In a second accord with federal regulators, embattled Fannie Mae has agreed to set up new policies to prevent faulty accounting, split its chairman and CEO position into two jobs and create a new office to hear complaints from company employees.
/ Source: The Associated Press

In a second accord with federal regulators, embattled Fannie Mae has agreed to set up new policies to prevent faulty accounting, split its chairman and CEO position into two jobs and create a new office to hear complaints from company employees.

The biggest U.S. buyer of home mortgages announced an agreement Tuesday with the Office of Federal Housing Enterprise Oversight, which supervises Fannie Mae and has been investigating its accounting.

OFHEO Director Armando Falcon said in a statement, "We must put in place all necessary reforms, not just to correct the problems of the past, but to also safeguard against problems emerging in the future."

Fannie Mae Chairman Stephen Ashley voiced support for the pact, saying the company was committed to its terms "as we continue the process of completing the restatement and re-audit of our prior financial statements."
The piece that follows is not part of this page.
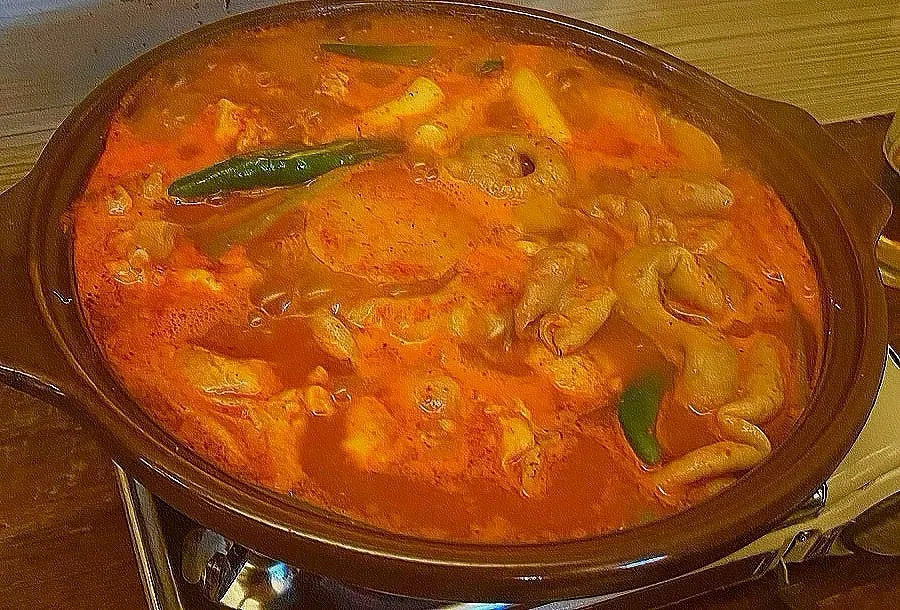 떡곱도리탕과 육회를 함께 차린 테이블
OFHEO last year found serious accounting problems at the government-sponsored company as well as a pervasive pattern of earnings manipulation and lax interrnal controls. The Securities and Exchange Commission ordered Fannie Mae in December to restate its earnings back to 2001, a correction estimated at $9 billion. The company's chief executive and chief financial officer were forced out by the board of directors in December.
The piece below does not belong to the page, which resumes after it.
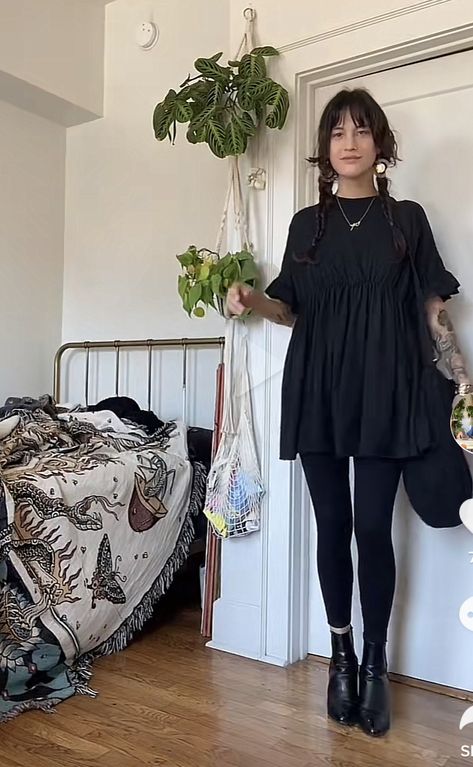 Long Sleeve Under Tshirt Outfits, Alternative Mom Fashion, Casual Goth Outfits Midsize, Midsize Bohemian Fashion, Loose Black Dress Outfit, Alt Preschool Teacher Outfits, Boho Hairstylist Outfit, Sammitery Outfit, Mid Size Witchy Outfits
In late September, after the accounting problems came to light, Fannie Mae agreed under pressure from OFHEO to boost its capital cushion against risk by some $5 billion, revamp its accounting and tighten its internal controls.

Last month, OFHEO informed Fannie Mae's board of additional problems including accounting for securities and loans, and practices to spread the impact of income and expenses over time. The agency had identified internal control deficiencies at the company "that it believes raise safety and soundness concerns," according to Fannie Mae.
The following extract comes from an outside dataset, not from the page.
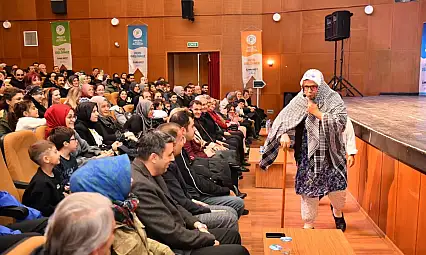 'Havlucu Memed Anlatıyor' tiyatro gösterisi yoğun ilgi gördü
The new agreement, which was signed Monday, calls for the company to take a series of steps to correct inadequacies in internal controls, corporate governance and accounting systems, even as the regulators' investigation continues.

The steps include new policies to prevent the falsification of signatures in accounting ledgers, correcting deficiencies in the company's mortgage-portfolio accounting systems and separating the chairman and CEO jobs _ a split that had been resisted by the ousted chief executive, Franklin Raines. The new Office of Compliance and Ethics will review internal complaints and the company's general counsel will report misconduct or suspected misconduct directly to the board.

Fannie Mae and Freddie Mac, its smaller rival in the $8 trillion home-mortgage market, were created by Congress to pump money into the home-mortgage market. They buy and guarantee repayment of billions of dollars of home loans each year from banks and other lenders, then bundle them into securities that are resold to investors worldwide.